Realm-java: OutOfMemoryError: std::bad_alloc in io_realm_internal_TableQuery.cpp line 1285

Created on 21 Nov 2016 · 47Comments · Source: realm/realm-java

Goal

Our app logs metrics from a wearable (sent via BTLE). Metrics are sent and saved to Realm every second. The Realm is observed to display the metrics back to the user. Other metrics are periodically sent to a backend (and then removed from the Realm).

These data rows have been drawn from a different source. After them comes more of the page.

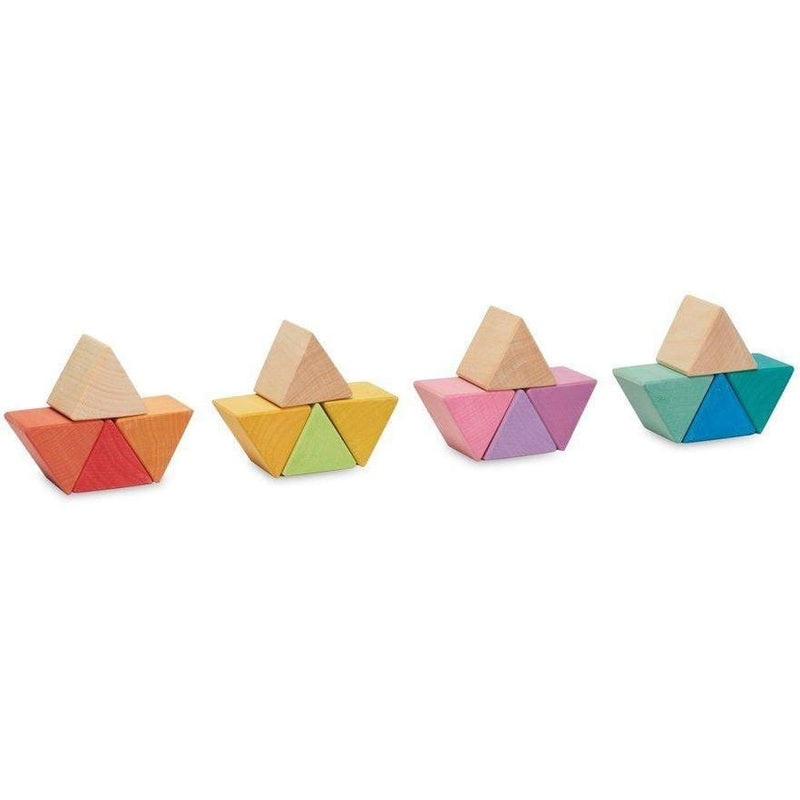 Triangular Prisms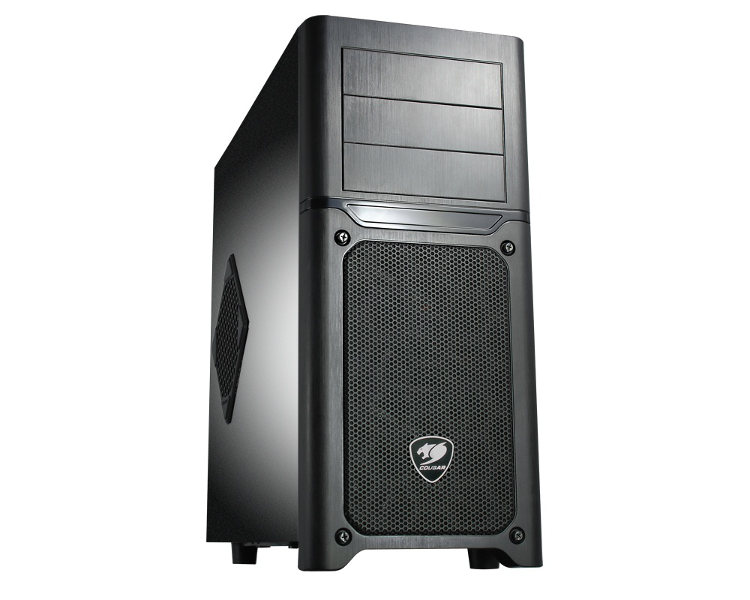 CC-COUGAR CASE MX410 MESH MIDDLE ATX BLACK CC-COUGAR CASE MX410 MESH MIDDLE ATX BLACK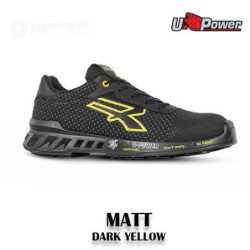 Zapato seguridad U-POWER S3 Matt Talla 36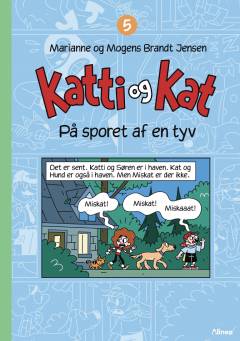 Katti og Kat - på sporet af en tyv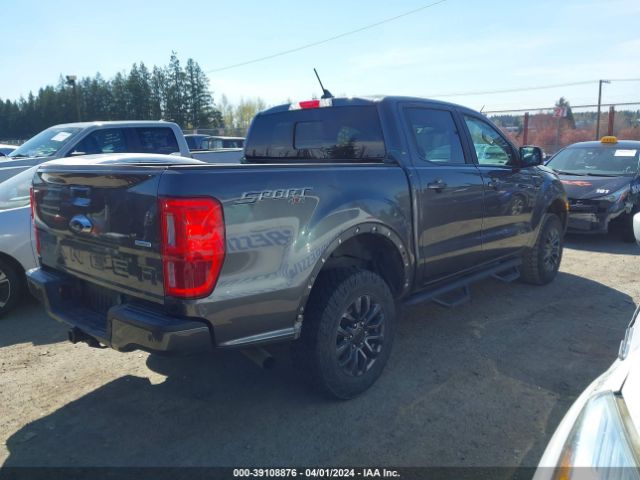 1FTER4FH9LLA48132 Ford Ranger Lariat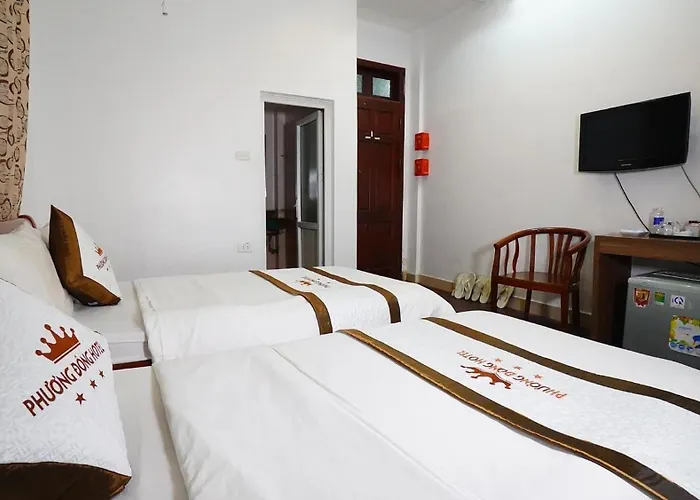 Phuong Dong Hotel Hanoi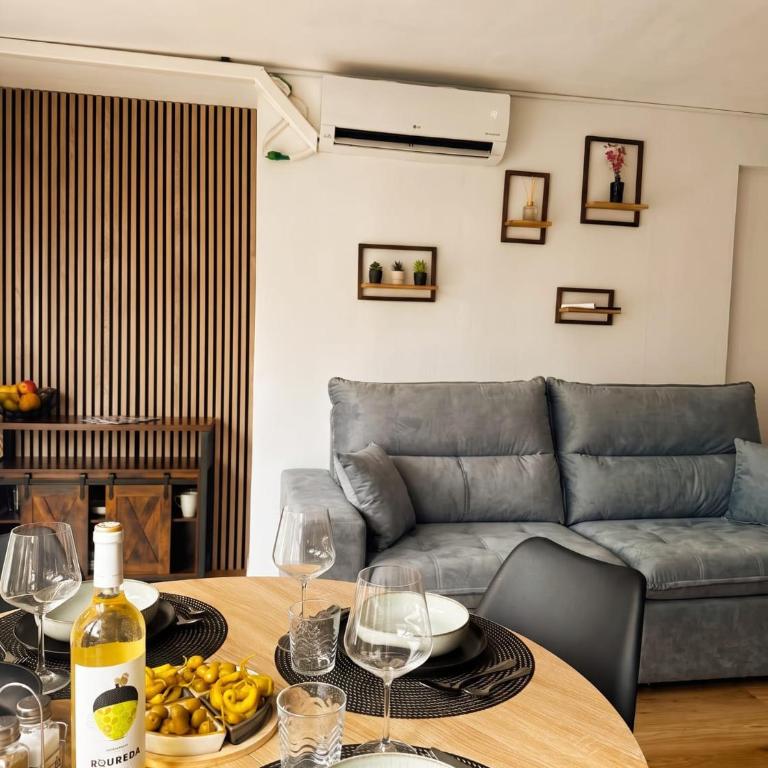 Formentor Salou - Apartment mit 1 Schlafzimmer - 3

The app operates for about 5 hours before getting closed due to an OoM. The Realms all seem to be closed correctly (no warnings about about open Realms).

Expected Results

I'm expecting uninterrupted periods of use.

Actual Results

Logcat reveals the following at the point that the app is closed:

11-21 05:15:33.808 27702-28621/com.snuza.picoconnect E/REALM_JNI: jni: ThrowingException 4, std::bad_alloc in /Users/cm/Realm/realm-java/realm/realm-library/src/main/cpp/io_realm_internal_TableQuery.cpp line 1285, .
11-21 05:15:33.809 27702-28655/com.snuza.picoconnect E/REALM_JNI: jni: ThrowingException 4, std::bad_alloc in /Users/cm/Realm/realm-java/realm/realm-library/src/main/cpp/io_realm_internal_TableQuery.cpp line 1285, .
11-21 05:15:33.841 27702-28621/com.snuza.picoconnect E/REALM_JNI: Exception has been throw: std::bad_alloc in /Users/cm/Realm/realm-java/realm/realm-library/src/main/cpp/io_realm_internal_TableQuery.cpp line 1285
11-21 05:15:33.841 27702-28655/com.snuza.picoconnect E/REALM_JNI: Exception has been throw: std::bad_alloc in /Users/cm/Realm/realm-java/realm/realm-library/src/main/cpp/io_realm_internal_TableQuery.cpp line 1285
11-21 05:15:33.855 27702-28621/com.snuza.picoconnect E/REALM_JAVA: io.realm.internal.OutOfMemoryError: std::bad_alloc in /Users/cm/Realm/realm-java/realm/realm-library/src/main/cpp/io_realm_internal_TableQuery.cpp line 1285
at io.realm.internal.TableQuery.nativeBatchUpdateQueries(Native Method)
at io.realm.internal.TableQuery.batchUpdateQueries(TableQuery.java:500)
at io.realm.internal.async.QueryUpdateTask.run(QueryUpdateTask.java:87)
at io.realm.internal.async.BgPriorityRunnable.run(BgPriorityRunnable.java:34)
at java.util.concurrent.Executors$RunnableAdapter.call(Executors.java:422)
at java.util.concurrent.FutureTask.run(FutureTask.java:237)
at java.util.concurrent.ThreadPoolExecutor.runWorker(ThreadPoolExecutor.java:1112)
at java.util.concurrent.ThreadPoolExecutor$Worker.run(ThreadPoolExecutor.java:587)
at java.lang.Thread.run(Thread.java:818)

Steps & Code to Reproduce

Approximately 5 hours of runtime.

Code Sample

N/A

Version of Realm and tooling

Realm version(s): 2.2.1

Realm sync feature enabled: no

Android Studio version: 2.3 Canary

Which Android version and device: Android 5.1.1 on the Nexus 5

T-Bug-Crash

Source

mitchwongho

Most helpful comment

2.3.0-SNAPSHOT is applied to my app. Initial observations (after 1 hour) is that there is an big improvement in memory-management (kudos 👏🏽). I'll report back after our 12-hour benchmark and then at 24-hours.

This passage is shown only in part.